Defenders of Wildlife is dedicated to the protection of all native wild animals and plants in their natural communities. They focus their programs on what scientists consider two of the most serious environmental threats to the planet: the accelerating rate of extinction of species and the associated loss of biological diversity, and habitat alteration and destruction. Long known for their leadership on endangered species issues, Defenders of Wildlife also advocates new approaches to wildlife conservation that will help keep species from becoming endangered. Their programs encourage protection of entire ecosystems and interconnected habitats while protecting predators that serve as indicator species for ecosystem health. Founded in 1947, Defenders of Wildlife is a 501(c)(3) membership organization with over 460,000 members and supporters nationwide.

J. Michael Scott is Professor at the Department of Fish and Wildlife Resources at the University of Idaho and a Research Scientist at the U.S. Geological Survey. Scott is a leader of the Idaho Cooperative Fish and Wildlife Research Unit.  His research interests are focused on distribution abundance and limiting factors of Hawaiian Birds, limiting factors on Endangered Species, reserve identification, selection, and design in North America, use of translocation as a tool for establishing or augmenting animal populations, predicting wildlife species distribution issues of scale and accuracy, and estimating bird abundance. Scott is widely published on these and other related topics. 

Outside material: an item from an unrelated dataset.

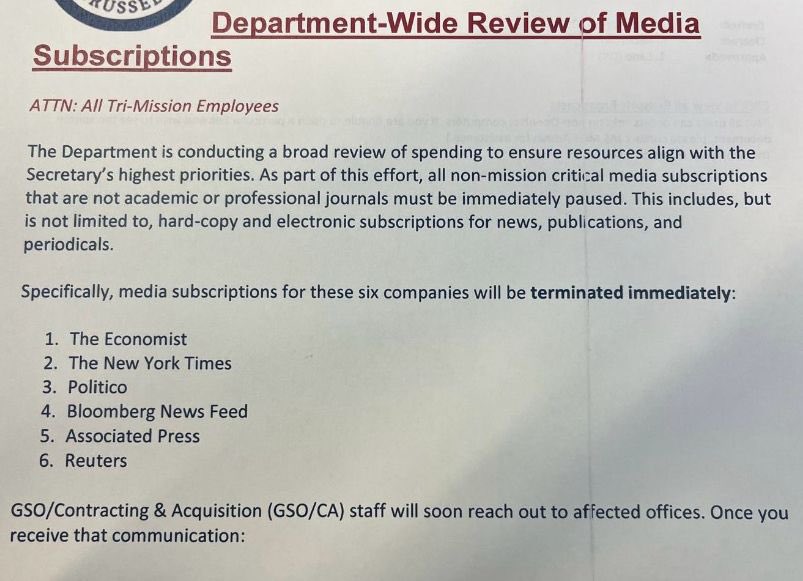 Le département d'État américain oblige tous ses employés à annuler leurs abonnements à tout média hostile à Trump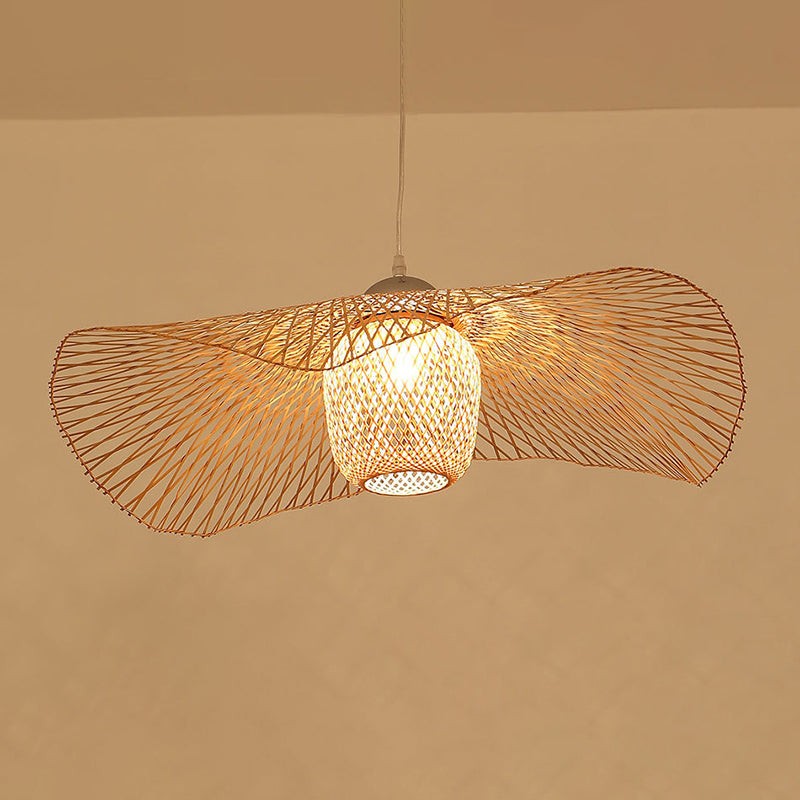 Lotus Leaf Bamboo Ceiling Light Modern Single Wood Hanging Pendant Light for Restaurant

Michael Soulé is Professor Emeritus of Environmental Studies, University of California, Santa Cruz. A founder and first president of the Society for Conservation Biology and The Wildlands Network, Dr. Soulé  has written and edited nine books on biology, conservation biology, and the social and policy context of conservation and has published more than 170 papers in journals. Soulé is a fellow of both the American Association for the Advancement of Science and the American Academy of Arts and Sciences. Among his many honors, Dr. Soulé is the sixth recipient of the Archie Carr Medal and in the first class of recipients of The Edward O. Wilson Biodiversity Technology Pioneer Award.

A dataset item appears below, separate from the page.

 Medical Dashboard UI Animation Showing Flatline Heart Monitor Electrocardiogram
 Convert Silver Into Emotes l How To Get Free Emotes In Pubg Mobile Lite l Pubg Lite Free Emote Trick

Donald M. Waller is professor of botany and environmental studies at the University of Wisconsin-Madison.

Reed Noss is the Davis-Shine Endowed Professor at the University of Florida. Noss is focused on systematic conservation planning at regional to continental scales. He has designed and directed such studies in Florida, the Pacific Northwest, California, the Rocky Mountains, and several regions of Canada, and has been an advisor to similar projects throughout North America and parts of Latin America and Europe. This work seeks to identify areas requiring protection from development and to devise management policies, approaches, and techniques that will maintain the biodiversity and ecological values of these areas and entire landscapes over time. Noss has helped to pioneer methods of integrating population viability analysis into reserve selection algorithms. He currently focuses on fire ecology, forest and grassland restoration and management, the Florida Grasshopper Sparrow and its dry prairie habitat, Florida Scrub-Jays, and the Florida Panther. An emerging theme is the responses of species (especially vertebrates) and ecological processes to environmental conditions along urban-wildland gradients. Road ecology (e.g., responses of wildlife to roads and the design of wildlife crossings and barriers to minimize impacts) and movement ecology (e.g., corridors and connectivity) figure prominently in this research theme.